Task prompt:
Transcribe all of the entries below exactly. Leave out the pictures.

┌─ Information provided

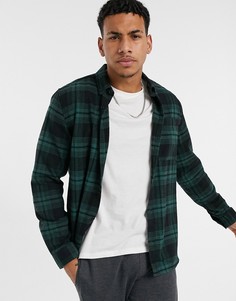 Зеленая рубашка в клетку River Island-Черный
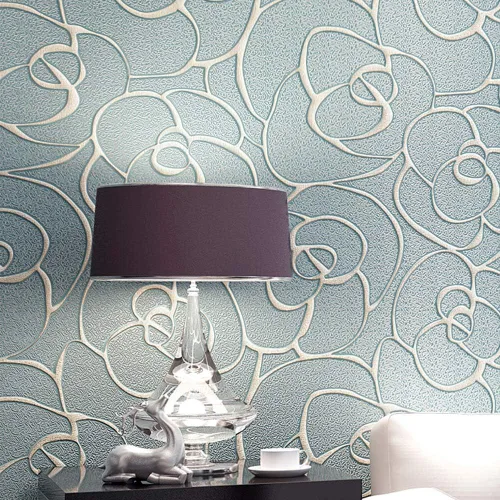 QIHANG - Papel pintado moderno minimalista en relieve 3D rosa flor no tejido color azul claro 1.7 ft x 32.8 ft=5.3㎡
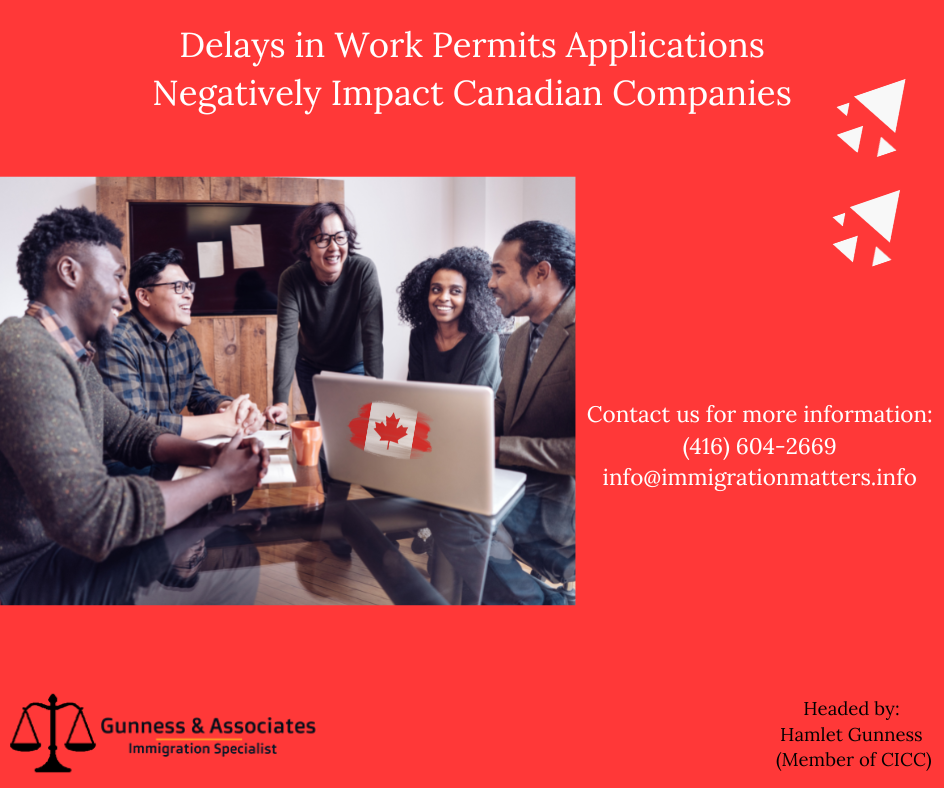 Delays in Work Permits Applications Negatively Impact Canadian Companies according to a survey conducted by the Canadian Employee Relocation Council (CERC), a non-profit organization, delays in work permits at IRCC are causing severe damage to Canadian companies. The CERC survey states that Canadian employers will require immediate access to international talent to restore the Canadian economy after the pandemic.The survey also highlights that as vaccination rates rise and serious COVID-19 infections go down, mobility and travel will increase, as well as Canada's capacity to manage the growing numbers of travel visa applications.Join our newsletter and get up-to-date immigration news Click here.Overview of the CERCThe CERC means Canadian Employee Relocation Council which is a not-for-profit organization dedicated to removing barriers that restrict mobility and deployment of human capital, which are vitally important to Canada’s future improvement. It was established in 1982, the Council represents the interests of its members on workforce mobility matters. Many of the Council’s members have been listed in Canada’s Financial Post Top 500.Who are the Participating Organizations?BNP Paribas, Air Canada, ABB Inc. Aecon, Apotex Inc. Aritzia, Bank of Canada, Canadian Tire Corporation, Carleton University, Cenovus Energy Inc, CGI, CPP Investments, Hatch Ltd.IBM Canada, J.D. Irving, LimitedKiewit Corporation, Ledcor, McGill University, Memorial University, Ontario Teachers' Pension Plan, PCL Construction, Queen's University, Ryerson University, Saputo Inc, Simon Fraser University, The University of British Columbia, University of Guelph, University of Lethbridge, University of Saskatchewan, University of Victoria, Western University, WestJet, York U.Of those participating employers, ninety-seven percent hire international talent via temporary residence stream and just over 53% access economic immigration.Get a free AssessmentWhich program has currently been used, or has been used in the past?
ICT	50%
CUSMA (formerly NAFTA) Professional	98%
LMIA (ordinary)	66%
Provincial Nominee Programs	62%
Express Entry	51%
Short‐term (15 or 30 days) work permit exemption	48%
LMIA Global Talent Stream	38%
Other 	38%
What skills do you access through these programs?
Management / Executives
Skilled Workers
Project Managers
Professors / Lecturers
Engineers
Researchers
IT / Software Technicians
Financial Analysts / Economists
Healthcare Related ‐ Medical / Technical staff
Marketing ProfessionalsWhile the survey was conducted (June- July 2022) the overall backlog of applicants in the system ballooned from 2.4 m to 2.7m – a 12% increase. At the same time, the backlog for temporary foreign workers grew by 21%, from 408,733 to 493,746 applicants. To know more details about Delays in Work Permits Applications, you can contact one of our immigration specialists at Gunness & Associates.Tel: (416) 604-2669Email: info@immigrationmatters.infoAll rights reserved ©2022 Gunness & Associates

└─

Output below:
 Зеленая рубашка в клетку River Island-Черный
 QIHANG - Papel pintado moderno minimalista en relieve 3D rosa flor no tejido color azul claro 1.7 ft x 32.8 ft=5.3㎡
 Delays in Work Permits Applications Negatively Impact Canadian Companies according to a survey conducted by the Canadian Employee Relocation Council (CERC), a non-profit organization, delays in work permits at IRCC are causing severe damage to Canadian companies. The CERC survey states that Canadian employers will require immediate access to international talent to restore the Canadian economy after the pandemic.The survey also highlights that as vaccination rates rise and serious COVID-19 infections go down, mobility and travel will increase, as well as Canada's capacity to manage the growing numbers of travel visa applications.Join our newsletter and get up-to-date immigration news Click here.Overview of the CERCThe CERC means Canadian Employee Relocation Council which is a not-for-profit organization dedicated to removing barriers that restrict mobility and deployment of human capital, which are vitally important to Canada’s future improvement. It was established in 1982, the Council represents the interests of its members on workforce mobility matters. Many of the Council’s members have been listed in Canada’s Financial Post Top 500.Who are the Participating Organizations?BNP Paribas, Air Canada, ABB Inc. Aecon, Apotex Inc. Aritzia, Bank of Canada, Canadian Tire Corporation, Carleton University, Cenovus Energy Inc, CGI, CPP Investments, Hatch Ltd.IBM Canada, J.D. Irving, LimitedKiewit Corporation, Ledcor, McGill University, Memorial University, Ontario Teachers' Pension Plan, PCL Construction, Queen's University, Ryerson University, Saputo Inc, Simon Fraser University, The University of British Columbia, University of Guelph, University of Lethbridge, University of Saskatchewan, University of Victoria, Western University, WestJet, York U.Of those participating employers, ninety-seven percent hire international talent via temporary residence stream and just over 53% access economic immigration.Get a free AssessmentWhich program has currently been used, or has been used in the past?
ICT	50%
CUSMA (formerly NAFTA) Professional	98%
LMIA (ordinary)	66%
Provincial Nominee Programs	62%
Express Entry	51%
Short‐term (15 or 30 days) work permit exemption	48%
LMIA Global Talent Stream	38%
Other 	38%
What skills do you access through these programs?
Management / Executives
Skilled Workers
Project Managers
Professors / Lecturers
Engineers
Researchers
IT / Software Technicians
Financial Analysts / Economists
Healthcare Related ‐ Medical / Technical staff
Marketing ProfessionalsWhile the survey was conducted (June- July 2022) the overall backlog of applicants in the system ballooned from 2.4 m to 2.7m – a 12% increase. At the same time, the backlog for temporary foreign workers grew by 21%, from 408,733 to 493,746 applicants. To know more details about Delays in Work Permits Applications, you can contact one of our immigration specialists at Gunness & Associates.Tel: (416) 604-2669Email: info@immigrationmatters.infoAll rights reserved ©2022 Gunness & Associates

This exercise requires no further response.